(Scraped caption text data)
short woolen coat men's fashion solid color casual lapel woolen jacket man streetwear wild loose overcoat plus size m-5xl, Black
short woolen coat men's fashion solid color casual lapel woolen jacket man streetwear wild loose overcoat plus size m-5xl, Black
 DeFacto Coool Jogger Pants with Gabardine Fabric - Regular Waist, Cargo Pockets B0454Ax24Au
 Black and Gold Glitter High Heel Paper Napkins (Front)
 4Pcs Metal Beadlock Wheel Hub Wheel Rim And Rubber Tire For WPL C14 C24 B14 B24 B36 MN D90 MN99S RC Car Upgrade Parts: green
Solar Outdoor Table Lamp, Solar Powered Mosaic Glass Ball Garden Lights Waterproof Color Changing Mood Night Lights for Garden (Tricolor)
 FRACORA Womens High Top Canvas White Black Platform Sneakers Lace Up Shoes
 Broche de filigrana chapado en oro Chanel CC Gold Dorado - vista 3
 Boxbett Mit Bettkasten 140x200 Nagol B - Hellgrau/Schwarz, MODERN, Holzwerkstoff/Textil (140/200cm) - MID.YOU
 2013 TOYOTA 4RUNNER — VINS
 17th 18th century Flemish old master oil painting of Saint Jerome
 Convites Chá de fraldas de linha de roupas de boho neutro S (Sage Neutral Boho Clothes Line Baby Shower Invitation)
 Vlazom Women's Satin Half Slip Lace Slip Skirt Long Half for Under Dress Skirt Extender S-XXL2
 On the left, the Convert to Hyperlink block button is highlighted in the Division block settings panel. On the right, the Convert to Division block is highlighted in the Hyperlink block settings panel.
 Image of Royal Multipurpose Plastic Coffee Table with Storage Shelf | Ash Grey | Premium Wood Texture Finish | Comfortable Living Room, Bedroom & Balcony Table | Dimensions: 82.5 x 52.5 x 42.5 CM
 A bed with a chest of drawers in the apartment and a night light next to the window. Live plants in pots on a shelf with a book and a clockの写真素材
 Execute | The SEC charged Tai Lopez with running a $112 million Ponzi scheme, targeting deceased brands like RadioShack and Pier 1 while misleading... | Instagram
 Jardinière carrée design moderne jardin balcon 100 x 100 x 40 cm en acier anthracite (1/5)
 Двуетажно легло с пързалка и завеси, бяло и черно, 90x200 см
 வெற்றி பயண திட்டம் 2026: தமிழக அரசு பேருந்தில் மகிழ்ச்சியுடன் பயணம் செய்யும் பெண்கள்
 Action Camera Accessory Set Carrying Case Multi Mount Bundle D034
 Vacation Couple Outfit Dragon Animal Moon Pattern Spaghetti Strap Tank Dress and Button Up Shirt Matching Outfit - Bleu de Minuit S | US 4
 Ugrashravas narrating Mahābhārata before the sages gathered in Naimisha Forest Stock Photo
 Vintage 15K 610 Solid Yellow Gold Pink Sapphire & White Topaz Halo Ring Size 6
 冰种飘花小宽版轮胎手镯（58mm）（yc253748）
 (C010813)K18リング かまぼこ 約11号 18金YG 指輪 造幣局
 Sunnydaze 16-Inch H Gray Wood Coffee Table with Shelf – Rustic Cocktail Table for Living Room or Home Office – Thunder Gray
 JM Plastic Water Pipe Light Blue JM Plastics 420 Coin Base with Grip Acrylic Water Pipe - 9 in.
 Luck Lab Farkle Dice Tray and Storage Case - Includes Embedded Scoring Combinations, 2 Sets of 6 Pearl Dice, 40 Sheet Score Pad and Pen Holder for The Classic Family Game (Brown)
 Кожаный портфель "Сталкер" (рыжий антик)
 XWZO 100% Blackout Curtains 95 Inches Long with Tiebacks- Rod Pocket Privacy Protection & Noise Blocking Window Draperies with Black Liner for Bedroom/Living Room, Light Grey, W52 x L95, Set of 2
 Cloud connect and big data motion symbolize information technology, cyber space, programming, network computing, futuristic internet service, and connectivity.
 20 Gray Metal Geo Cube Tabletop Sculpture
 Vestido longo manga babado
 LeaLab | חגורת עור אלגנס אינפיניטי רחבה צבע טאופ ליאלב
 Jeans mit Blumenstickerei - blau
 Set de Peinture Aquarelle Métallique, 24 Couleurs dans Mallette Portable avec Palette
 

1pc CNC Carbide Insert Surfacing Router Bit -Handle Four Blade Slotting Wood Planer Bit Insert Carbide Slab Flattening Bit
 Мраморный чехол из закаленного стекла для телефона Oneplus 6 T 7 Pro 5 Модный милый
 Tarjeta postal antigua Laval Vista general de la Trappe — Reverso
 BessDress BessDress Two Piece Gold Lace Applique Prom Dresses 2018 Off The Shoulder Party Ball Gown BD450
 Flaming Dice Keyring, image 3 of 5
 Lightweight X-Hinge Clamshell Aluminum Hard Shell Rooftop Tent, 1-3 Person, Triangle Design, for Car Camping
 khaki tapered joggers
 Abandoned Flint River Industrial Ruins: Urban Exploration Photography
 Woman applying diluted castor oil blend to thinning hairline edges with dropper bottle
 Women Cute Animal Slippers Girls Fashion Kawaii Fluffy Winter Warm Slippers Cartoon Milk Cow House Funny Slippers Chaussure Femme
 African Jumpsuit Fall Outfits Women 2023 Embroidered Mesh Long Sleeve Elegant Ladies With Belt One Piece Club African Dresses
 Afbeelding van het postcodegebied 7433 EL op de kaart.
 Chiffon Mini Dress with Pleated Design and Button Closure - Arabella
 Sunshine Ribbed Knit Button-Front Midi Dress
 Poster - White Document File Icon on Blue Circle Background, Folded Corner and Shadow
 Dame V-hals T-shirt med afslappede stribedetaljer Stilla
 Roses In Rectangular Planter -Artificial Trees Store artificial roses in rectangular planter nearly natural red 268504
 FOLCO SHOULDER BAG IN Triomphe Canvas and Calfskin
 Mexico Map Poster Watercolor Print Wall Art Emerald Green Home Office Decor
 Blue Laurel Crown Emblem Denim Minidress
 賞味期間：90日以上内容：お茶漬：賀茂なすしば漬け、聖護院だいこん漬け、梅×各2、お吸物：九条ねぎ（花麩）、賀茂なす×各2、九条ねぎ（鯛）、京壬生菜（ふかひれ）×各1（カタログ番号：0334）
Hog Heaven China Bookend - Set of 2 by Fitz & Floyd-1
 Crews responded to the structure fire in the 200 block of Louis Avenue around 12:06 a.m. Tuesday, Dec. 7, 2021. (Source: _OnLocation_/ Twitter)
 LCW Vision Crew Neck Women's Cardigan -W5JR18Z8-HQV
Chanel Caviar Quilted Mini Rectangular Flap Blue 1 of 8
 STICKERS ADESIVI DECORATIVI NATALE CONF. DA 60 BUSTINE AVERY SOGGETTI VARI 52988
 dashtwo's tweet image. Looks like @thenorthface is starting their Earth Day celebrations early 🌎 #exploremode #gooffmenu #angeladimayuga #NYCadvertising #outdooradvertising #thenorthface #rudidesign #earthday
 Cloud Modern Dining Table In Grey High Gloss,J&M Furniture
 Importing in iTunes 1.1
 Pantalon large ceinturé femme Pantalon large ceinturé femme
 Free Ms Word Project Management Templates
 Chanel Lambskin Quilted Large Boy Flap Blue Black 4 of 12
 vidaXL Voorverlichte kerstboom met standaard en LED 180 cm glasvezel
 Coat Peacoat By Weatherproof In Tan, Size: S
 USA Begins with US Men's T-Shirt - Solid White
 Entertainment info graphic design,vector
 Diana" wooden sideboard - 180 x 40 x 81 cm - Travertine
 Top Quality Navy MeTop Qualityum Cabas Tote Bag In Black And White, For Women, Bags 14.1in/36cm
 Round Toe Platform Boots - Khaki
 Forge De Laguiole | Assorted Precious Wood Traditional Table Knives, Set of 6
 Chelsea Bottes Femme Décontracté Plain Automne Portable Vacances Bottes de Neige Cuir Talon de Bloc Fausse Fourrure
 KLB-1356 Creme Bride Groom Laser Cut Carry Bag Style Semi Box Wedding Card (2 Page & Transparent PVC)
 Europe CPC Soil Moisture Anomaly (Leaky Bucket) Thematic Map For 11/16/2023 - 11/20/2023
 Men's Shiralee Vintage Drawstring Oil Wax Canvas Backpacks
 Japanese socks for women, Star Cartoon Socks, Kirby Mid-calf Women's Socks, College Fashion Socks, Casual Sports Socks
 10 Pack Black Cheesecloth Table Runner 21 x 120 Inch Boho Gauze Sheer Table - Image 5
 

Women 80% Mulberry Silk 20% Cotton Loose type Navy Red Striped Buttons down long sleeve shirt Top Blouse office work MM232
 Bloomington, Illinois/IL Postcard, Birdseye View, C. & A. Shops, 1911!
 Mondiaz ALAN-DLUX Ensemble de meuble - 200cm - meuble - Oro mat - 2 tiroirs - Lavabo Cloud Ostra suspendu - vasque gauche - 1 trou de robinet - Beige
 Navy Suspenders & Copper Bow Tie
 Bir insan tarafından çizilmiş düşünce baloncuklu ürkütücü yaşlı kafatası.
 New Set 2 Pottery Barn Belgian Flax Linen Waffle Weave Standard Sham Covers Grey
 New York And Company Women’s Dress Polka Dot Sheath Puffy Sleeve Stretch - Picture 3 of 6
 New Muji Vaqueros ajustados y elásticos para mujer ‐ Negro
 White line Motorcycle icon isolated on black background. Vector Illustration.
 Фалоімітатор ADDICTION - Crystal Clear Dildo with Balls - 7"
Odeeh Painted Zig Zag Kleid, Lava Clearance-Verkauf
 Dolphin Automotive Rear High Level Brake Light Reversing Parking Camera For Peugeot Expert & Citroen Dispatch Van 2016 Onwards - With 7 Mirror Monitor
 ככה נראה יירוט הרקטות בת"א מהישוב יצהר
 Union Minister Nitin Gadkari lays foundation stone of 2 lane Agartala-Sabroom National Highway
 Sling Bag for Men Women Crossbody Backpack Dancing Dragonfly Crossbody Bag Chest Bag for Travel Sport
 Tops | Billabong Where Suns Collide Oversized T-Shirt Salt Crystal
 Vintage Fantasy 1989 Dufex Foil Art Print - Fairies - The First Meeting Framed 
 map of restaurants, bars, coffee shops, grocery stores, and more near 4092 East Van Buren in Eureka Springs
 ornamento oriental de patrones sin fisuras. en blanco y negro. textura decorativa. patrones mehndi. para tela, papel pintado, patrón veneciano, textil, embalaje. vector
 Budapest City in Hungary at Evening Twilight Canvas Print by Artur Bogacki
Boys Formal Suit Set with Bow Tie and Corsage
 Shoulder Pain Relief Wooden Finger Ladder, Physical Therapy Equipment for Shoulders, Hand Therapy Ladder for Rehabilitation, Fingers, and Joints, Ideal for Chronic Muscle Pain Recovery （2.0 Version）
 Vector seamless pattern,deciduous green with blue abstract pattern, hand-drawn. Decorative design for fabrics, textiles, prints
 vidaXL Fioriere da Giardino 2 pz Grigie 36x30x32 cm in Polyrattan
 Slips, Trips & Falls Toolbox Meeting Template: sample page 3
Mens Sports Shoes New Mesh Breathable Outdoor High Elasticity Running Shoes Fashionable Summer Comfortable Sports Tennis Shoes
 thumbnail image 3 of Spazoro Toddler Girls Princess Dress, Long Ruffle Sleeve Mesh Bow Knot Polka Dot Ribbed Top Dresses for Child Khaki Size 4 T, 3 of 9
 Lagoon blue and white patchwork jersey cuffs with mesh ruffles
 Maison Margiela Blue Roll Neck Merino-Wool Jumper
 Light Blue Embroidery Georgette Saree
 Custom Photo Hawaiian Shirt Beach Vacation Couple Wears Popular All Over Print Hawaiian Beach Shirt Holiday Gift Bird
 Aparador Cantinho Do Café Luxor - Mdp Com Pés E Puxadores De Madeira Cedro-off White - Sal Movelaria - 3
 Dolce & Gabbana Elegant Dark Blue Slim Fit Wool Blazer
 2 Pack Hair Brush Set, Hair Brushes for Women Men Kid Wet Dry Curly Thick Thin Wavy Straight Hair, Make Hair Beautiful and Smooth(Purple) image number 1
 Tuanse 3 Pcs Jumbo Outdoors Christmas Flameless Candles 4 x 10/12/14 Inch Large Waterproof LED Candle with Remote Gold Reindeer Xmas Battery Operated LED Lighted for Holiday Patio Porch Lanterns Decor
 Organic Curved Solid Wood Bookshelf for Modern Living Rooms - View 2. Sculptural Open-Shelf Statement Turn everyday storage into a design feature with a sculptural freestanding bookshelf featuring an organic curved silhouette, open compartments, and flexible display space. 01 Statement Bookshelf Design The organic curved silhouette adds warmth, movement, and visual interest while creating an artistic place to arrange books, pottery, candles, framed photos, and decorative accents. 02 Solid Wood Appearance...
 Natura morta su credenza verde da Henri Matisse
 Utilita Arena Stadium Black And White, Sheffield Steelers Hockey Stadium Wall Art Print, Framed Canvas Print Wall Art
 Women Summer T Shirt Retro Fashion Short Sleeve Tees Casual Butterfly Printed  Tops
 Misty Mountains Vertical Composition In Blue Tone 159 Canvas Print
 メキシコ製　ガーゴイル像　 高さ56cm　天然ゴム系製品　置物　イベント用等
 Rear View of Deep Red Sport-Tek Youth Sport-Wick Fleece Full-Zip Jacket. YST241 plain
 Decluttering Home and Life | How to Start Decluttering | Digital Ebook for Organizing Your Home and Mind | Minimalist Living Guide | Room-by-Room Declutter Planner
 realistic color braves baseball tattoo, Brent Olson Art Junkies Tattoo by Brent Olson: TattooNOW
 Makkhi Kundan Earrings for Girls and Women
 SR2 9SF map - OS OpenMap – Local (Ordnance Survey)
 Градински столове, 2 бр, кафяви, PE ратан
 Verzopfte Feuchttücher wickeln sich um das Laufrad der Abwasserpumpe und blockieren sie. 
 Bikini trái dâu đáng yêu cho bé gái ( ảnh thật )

TASK TO CARRY OUT: Please give an exact copy of the entries above, from the line with "White line Motorcycle" down to the line with "Vector seamless pattern,deciduous", inclusive, and nothing else.

EXERCISE RESULT:
 White line Motorcycle icon isolated on black background. Vector Illustration.
 Фалоімітатор ADDICTION - Crystal Clear Dildo with Balls - 7"
Odeeh Painted Zig Zag Kleid, Lava Clearance-Verkauf
 Dolphin Automotive Rear High Level Brake Light Reversing Parking Camera For Peugeot Expert & Citroen Dispatch Van 2016 Onwards - With 7 Mirror Monitor
 ככה נראה יירוט הרקטות בת"א מהישוב יצהר
 Union Minister Nitin Gadkari lays foundation stone of 2 lane Agartala-Sabroom National Highway
 Sling Bag for Men Women Crossbody Backpack Dancing Dragonfly Crossbody Bag Chest Bag for Travel Sport
 Tops | Billabong Where Suns Collide Oversized T-Shirt Salt Crystal
 Vintage Fantasy 1989 Dufex Foil Art Print - Fairies - The First Meeting Framed 
 map of restaurants, bars, coffee shops, grocery stores, and more near 4092 East Van Buren in Eureka Springs
 ornamento oriental de patrones sin fisuras. en blanco y negro. textura decorativa. patrones mehndi. para tela, papel pintado, patrón veneciano, textil, embalaje. vector
 Budapest City in Hungary at Evening Twilight Canvas Print by Artur Bogacki
Boys Formal Suit Set with Bow Tie and Corsage
 Shoulder Pain Relief Wooden Finger Ladder, Physical Therapy Equipment for Shoulders, Hand Therapy Ladder for Rehabilitation, Fingers, and Joints, Ideal for Chronic Muscle Pain Recovery （2.0 Version）
 Vector seamless pattern,deciduous green with blue abstract pattern, hand-drawn. Decorative design for fabrics, textiles, prints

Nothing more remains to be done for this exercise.